Theresa May has opened talks with opposition parties in an attempt to resolve the Brexit impasse as she gears up to make a statement to MPs about her so-called plan B on Monday.
The parliamentary leaders of the Scottish National Party (SNP), Liberal Democrats and Plaid Cymru, as well as sole Green MP Caroline Lucas, have all taken part in the discussions.
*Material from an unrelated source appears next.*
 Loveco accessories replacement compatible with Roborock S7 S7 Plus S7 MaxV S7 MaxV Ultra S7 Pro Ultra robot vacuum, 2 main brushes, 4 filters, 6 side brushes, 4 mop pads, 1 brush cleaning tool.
But the talks “have so far yielded little”, because all of those parties “want something – a second referendum – that May doesn’t want to give”, says the New Statesman’s Stephen Bush.
Meanwhile, Labour leader Jeremy Corbyn is refusing to participate until the prime minister rules out the possibility of a no-deal exit.
As May meets individually with the other opposition party leaders, her de-facto deputy David Lidington is reportedly in charge of coordinating other talks between senior Cabinet ministers and delegations of backbenchers of all parties over the next two days.
A “senior Tory figure” told The Times that May’s lack of involvement in some of the more delicate discussions with backbench MPs is “a huge advantage” for the government, because “while the prime minister has huge strengths she is not a person to have a consensus discussion with”.
But just where do each of the UK’s main parties stand on Brexit now?
May’s problem is that “it’s clear, wide open, in public, that the Cabinet is at odds with each other”, says the BBC’s Laura Kuenssberg.
Remainer ministers such as David Gauke and Amber Rudd are urging the PM to drop her red lines in order to win over support from Labour MPs, while Brexiteers including Liam Fox and Andrea Leadsom are insisting that a customs union with the EU must not be embraced.
Chief Secretary to the Treasury Liz Truss publicly backed the Brexiteers last night, telling ITV’s Peston show: “There are 118 Conservatives that we have the potential to win over, and I think that’s where we should start.”
May seems to be following that strategy so far, with Kuenssberg noting that the PM has said little that might “suggest she is suddenly ready to move very much”. A former minister told the BBC political editor that May was “still flicking the V at the 48% – she’s deluded, she never changes her mind and cannot conceive that others might”.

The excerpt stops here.